Web page caption snippets:
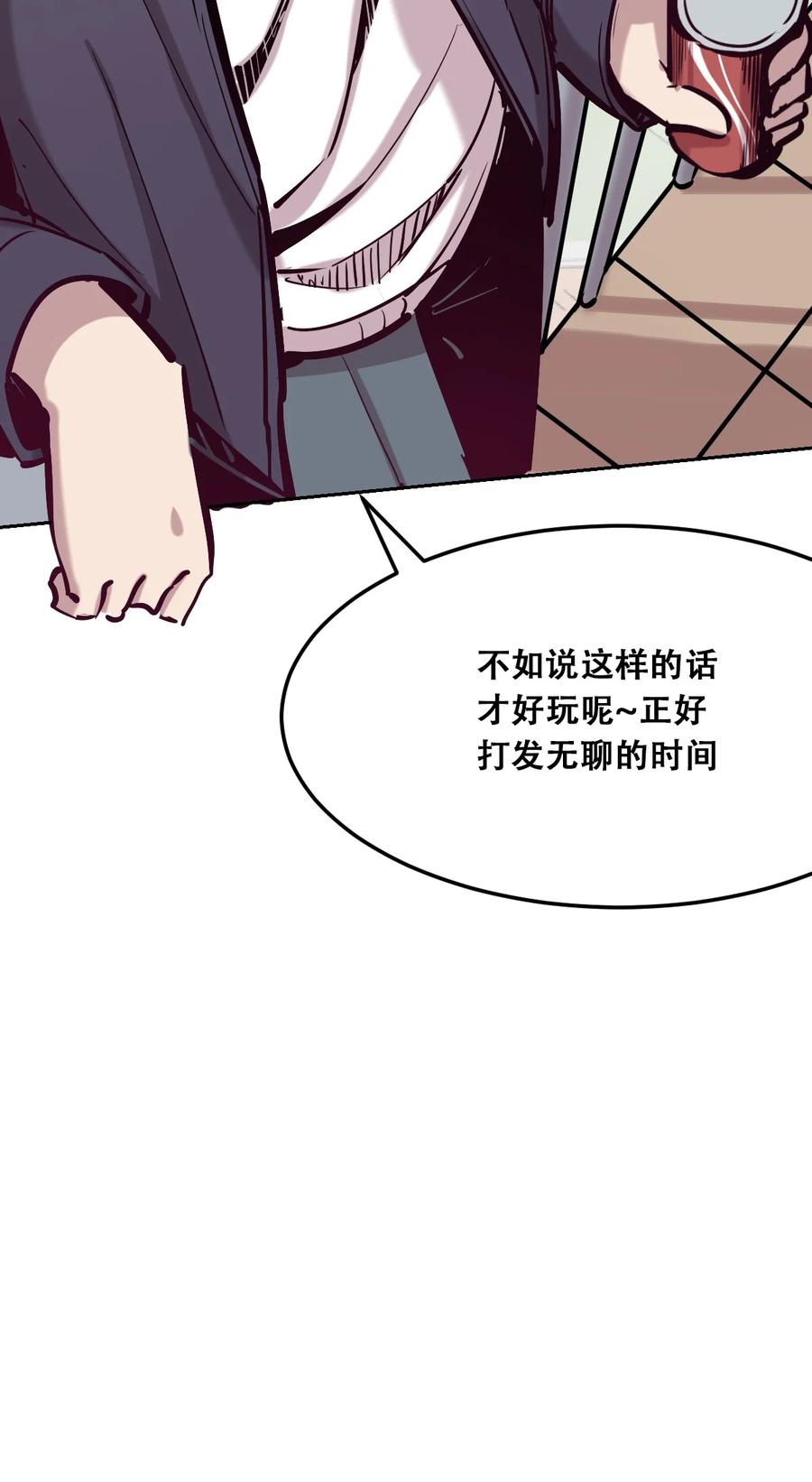 恶魔X天使 不能友好相处 024 天使的行动 第32页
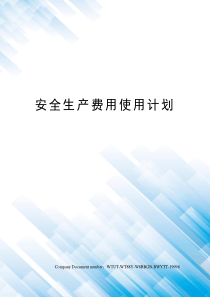 安全生产费用使用计划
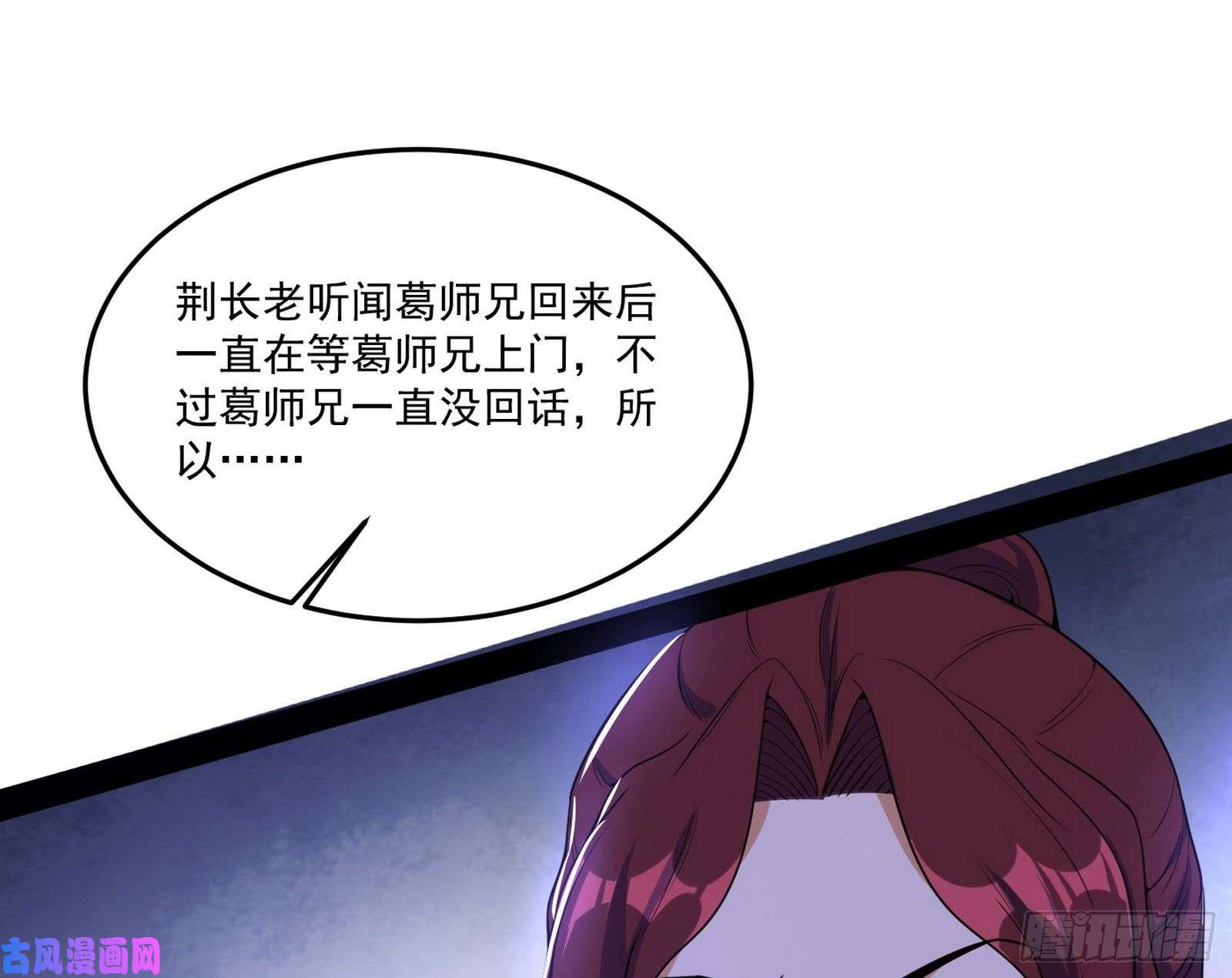 我为邪帝徐敏的手段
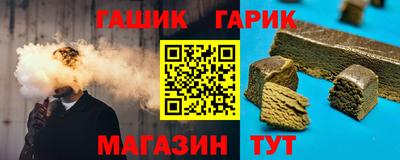 молекула духа Берёзовский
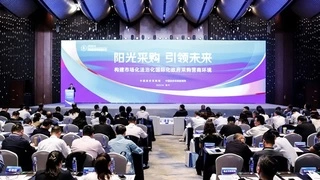 格之格新服务：以数字化服务助力政府智能采购“加速度”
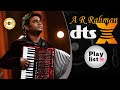 Ennai Kaana Villai I என்னை காண வில்லை I KADHAL DESAM I AR Rahman I 5 1 D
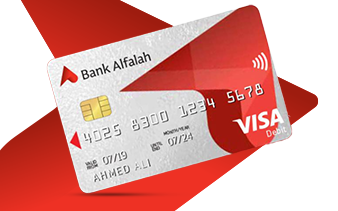 Bank Alfalah VISA Classic Debit Card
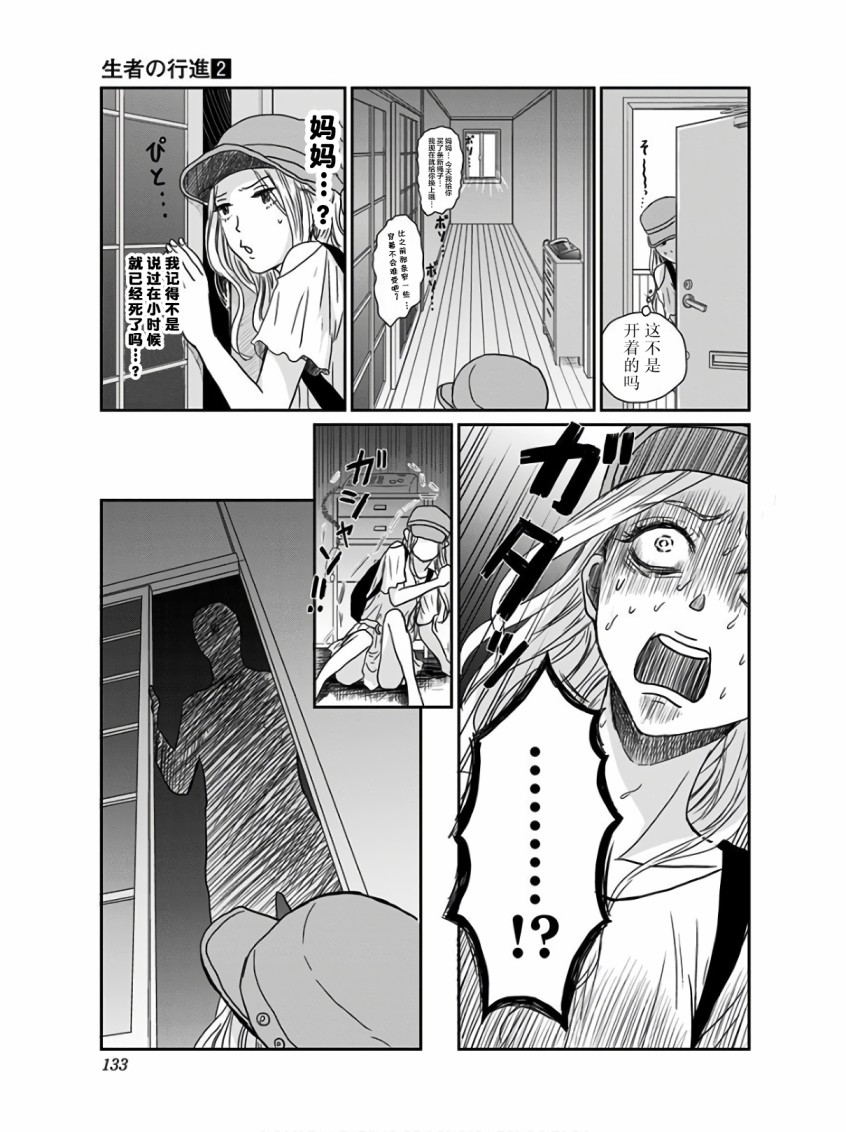 《生者的行进》漫画最新章节第12话免费下拉式在线观看章节第【22】张图片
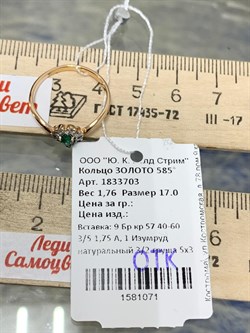 *Кольцо  р.17 Изумруд цв Красное арт. 1833703-071 вес 1,76 г - фото 186497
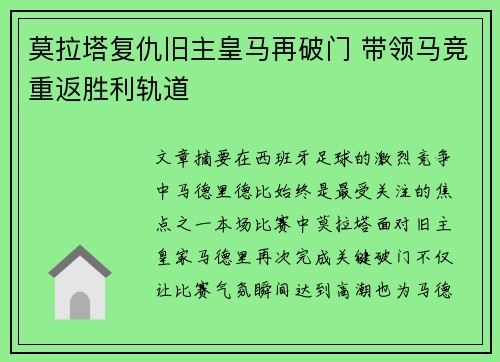 莫拉塔复仇旧主皇马再破门 带领马竞重返胜利轨道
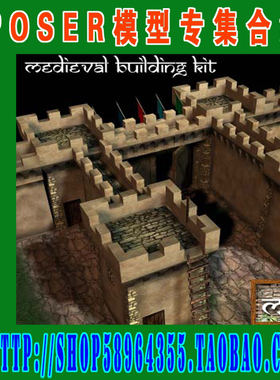 Poser模型场景——建筑Virtual Backlot(3M-182)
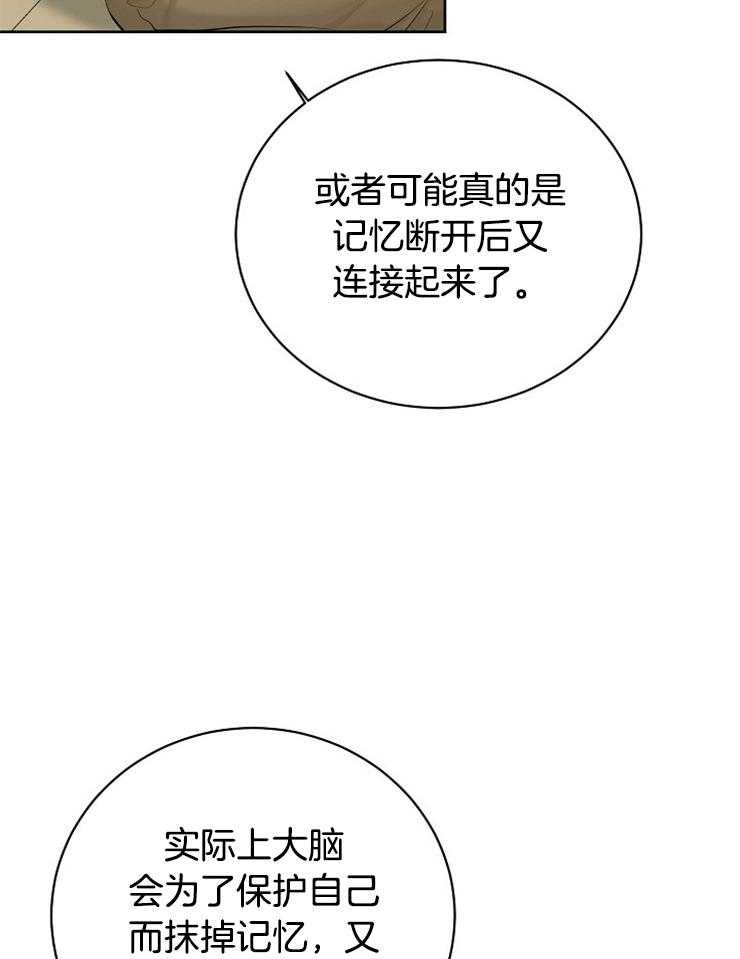 《天使他过于敬业》漫画最新章节第41话 出生的意义免费下拉式在线观看章节第【24】张图片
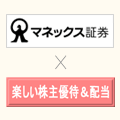 マネックス証券のキャンペーン
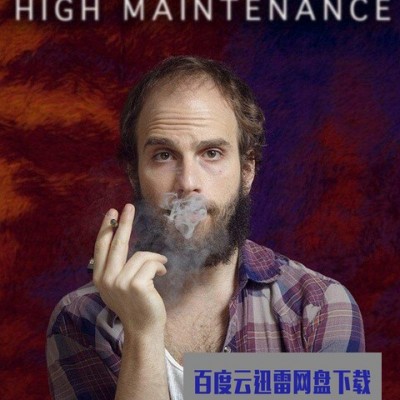 [电视剧][众口难调/难以伺候 High Maintenance 第一季][全06集]1080p|4k高清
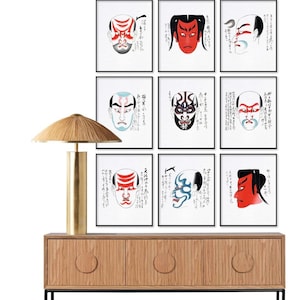 Japanse Kabuki aquarel prints theater gezichtsmasker make-up ontwerpen digitale download 19e eeuw Japan antieke Aziatische interieur kunst aan de muur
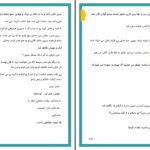 دانلود پی دی اف کتاب عشق تلخ یا شیرین معصومه PDF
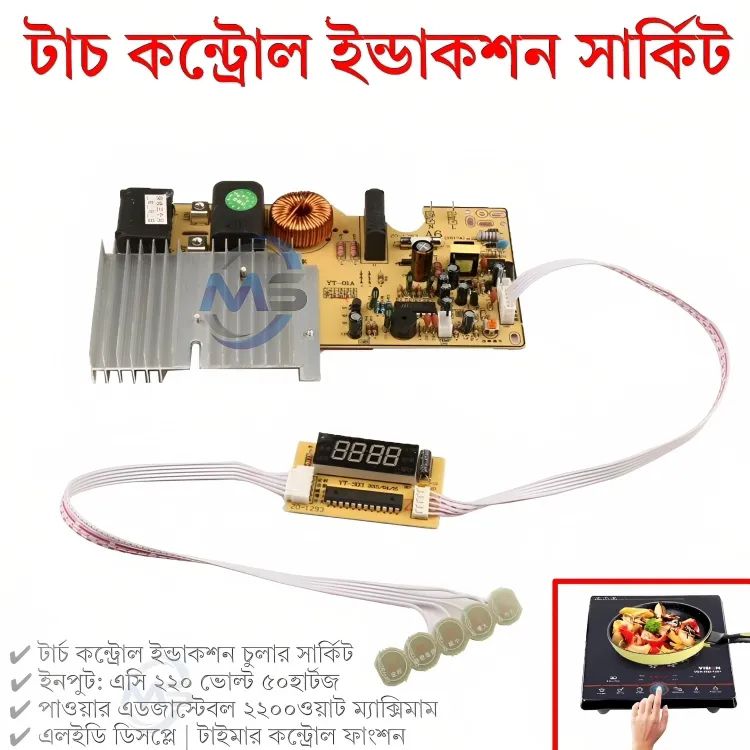 Induction Cooker Touch Control Circuit Board 2000W Adjust Temperature & Time Control Touch Induction Replacement Board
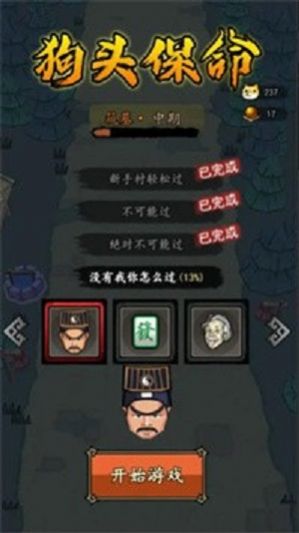 狗頭保命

--- Activity ---
The copy should match each line above exactly and contain no images.

--- Answer section ---
 恶魔X天使 不能友好相处 024 天使的行动 第32页
 安全生产费用使用计划
 我为邪帝徐敏的手段
 молекула духа Берёзовский
 格之格新服务：以数字化服务助力政府智能采购“加速度”
 Ennai Kaana Villai I என்னை காண வில்லை I KADHAL DESAM I AR Rahman I 5 1 D
 Bank Alfalah VISA Classic Debit Card
 《生者的行进》漫画最新章节第12话免费下拉式在线观看章节第【22】张图片
 *Кольцо  р.17 Изумруд цв Красное арт. 1833703-071 вес 1,76 г - фото 186497
 莫拉塔复仇旧主皇马再破门 带领马竞重返胜利轨道
 Poser模型场景——建筑Virtual Backlot(3M-182)
 《天使他过于敬业》漫画最新章节第41话 出生的意义免费下拉式在线观看章节第【24】张图片
 マネックス証券のキャンペーン
 [电视剧][众口难调/难以伺候 High Maintenance 第一季][全06集]1080p|4k高清
 Japanse Kabuki aquarel prints theater gezichtsmasker make-up ontwerpen digitale download 19e eeuw Japan antieke Aziatische interieur kunst aan de muur
 دانلود پی دی اف کتاب عشق تلخ یا شیرین معصومه PDF
 Induction Cooker Touch Control Circuit Board 2000W Adjust Temperature & Time Control Touch Induction Replacement Board
 狗頭保命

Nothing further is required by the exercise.